Entreprendre en auto-micro-entreprise
Développez votre activité indépendante en toute sérénité !
Si la micro-entreprise est accessible, la pérennité exige une stratégie commerciale et digitale solide au-delà de l’administratif. Valider son business plan, utiliser les bons outils numériques et se faire accompagner reste crucial pour trouver ses premiers clients.

Formalités de création
Immatriculation de la micro-entreprise
L’immatriculation en ligne est simplifiée via le Guichet Unique électronique (INPI) remplaçant les CFE. Le dossier valide l’activité auprès des organismes référents comme l’URSSAF, la CCI pour le commerce, la CMA pour l’artisanat ou le Greffe pour les agents commerciaux.

Pilotage d’activité
Gestion et facturation
Le pilotage requiert un compte bancaire dédié, l’usage d’un logiciel de facturation conforme et le suivi des seuils de chiffre d’affaires. La déclaration mensuelle ou trimestrielle déclenche le paiement des cotisations sociales et charges fiscales auprès de l’administration.

Aides au lancement
Financement et trésorerie
Malgré la simplicité administrative, lancer son activité exige des fonds pour le matériel ou la communication. Diverses solutions existent : l’ACRE (exonération partielle), le micro-crédit ADIE, les prêts d’honneur ou les aides régionales pour soutenir la trésorerie initiale.
Conditions d’accès
Profils éligibles au statut

Ce régime micro-social cible ceux voulant tester une idée, exercer une activité complémentaire ou devenir freelance. Il s’adapte aux prestataires, commerçants et artisans évitant la lourdeur d’une société commerciale classique.

Cumul salarié et indépendant
Concilier micro-entreprise et contrat de travail permet de générer un revenu complémentaire tout en conservant sa sécurité actuelle.

Activités non réglementées
Le statut est ouvert sans qualification spécifique, sauf pour les métiers réglementés (artisanat, professions libérales) exigeant un titre.

Statut étudiant-entrepreneur
Ce cumul est possible et permet de conserver sa Sécurité sociale étudiante ou d’obtenir une bourse sous conditions.

Fonction publique et création
Les agents à temps partiel (<70%) peuvent créer. Les autres doivent demander une autorisation de cumul d’activités à leur hiérarchie.
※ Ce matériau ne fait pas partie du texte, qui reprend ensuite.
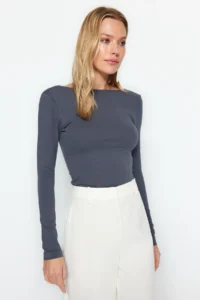 TRENDYOLMİLLA Anthracite Cotton Low-cut back Fitted Flexible Blouse - Image 9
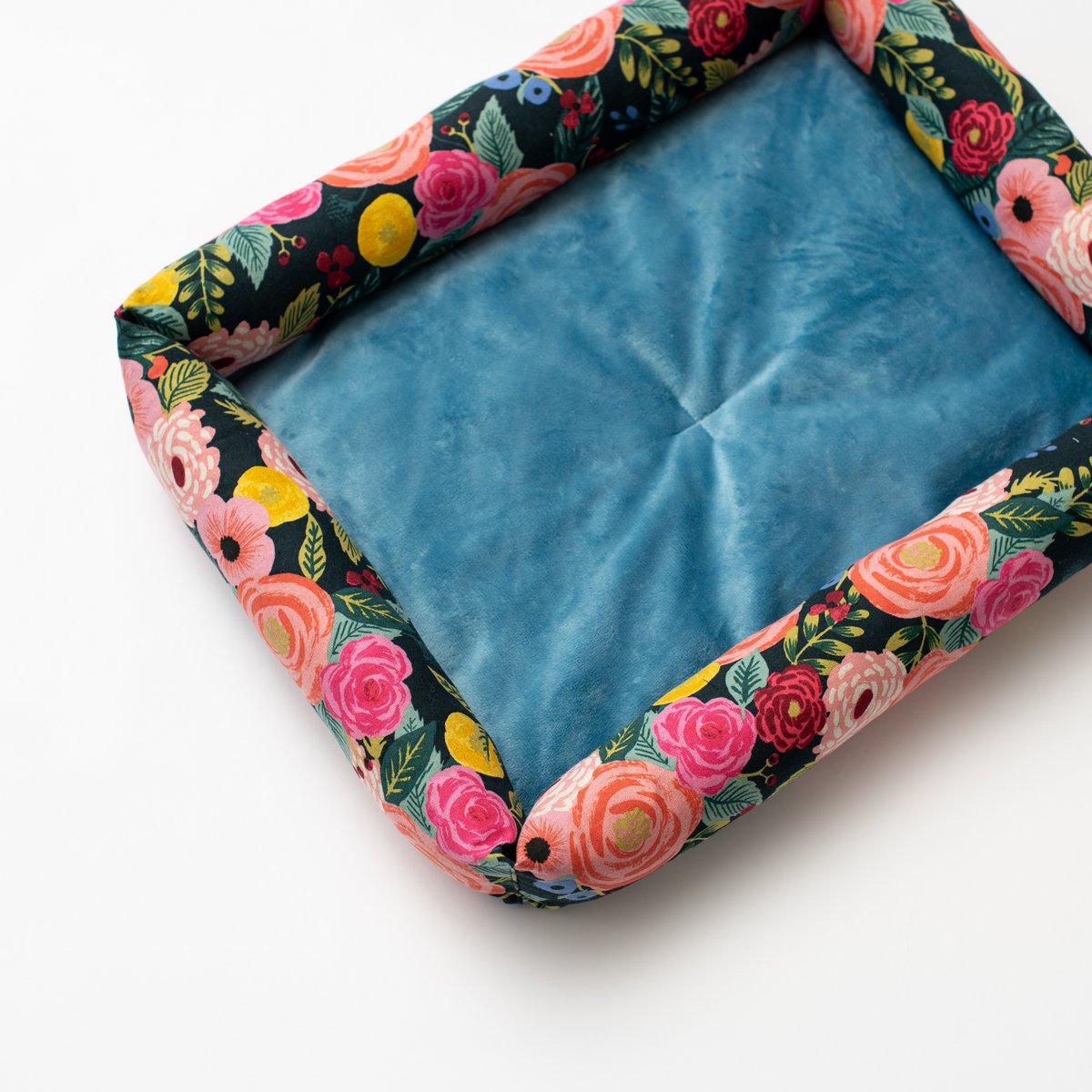Catnip Cuddler | Rifle Paper Collection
Régime fiscal et imposition
Imposition et CFE

L’imposition dépend de l’activité : BNC pour les libéraux ou BIC pour les commerçants. L’entrepreneur opte pour le régime micro-fiscal avec abattement ou pour le versement libératoire permettant de payer l’impôt sur le revenu simultanément aux cotisations.
Protection sociale
Couverture sociale TNS

Classé Travailleur Non-Salarié (TNS), l’indépendant exerçant une profession artisanale, commerciale ou libérale dépend de la Sécurité Sociale des Indépendants via le régime micro-social simplifié.
L’affilié déclare son chiffre d’affaires encaissé mensuellement ou trimestriellement sur le portail officiel. Il règle ensuite ses charges sociales calculées proportionnellement aux recettes, garantissant une gestion de trésorerie sans avance de frais sur les impayés.
L’option du versement libératoire applique un taux fixe global pour l’impôt et le social. Si la couverture maladie reste identique aux salariés, la validation des trimestres de retraite et les indemnités journalières dépendent strictement du montant des revenus déclarés.

Ressources et Outils
Boîte à outils de l’entrepreneur

La réussite ne s’improvise pas. Devenir un chef d’entreprise performant exige d’adopter des réflexes proactifs : prospection commerciale, veille concurrentielle, réseautage actif et formation continue pour développer ses compétences.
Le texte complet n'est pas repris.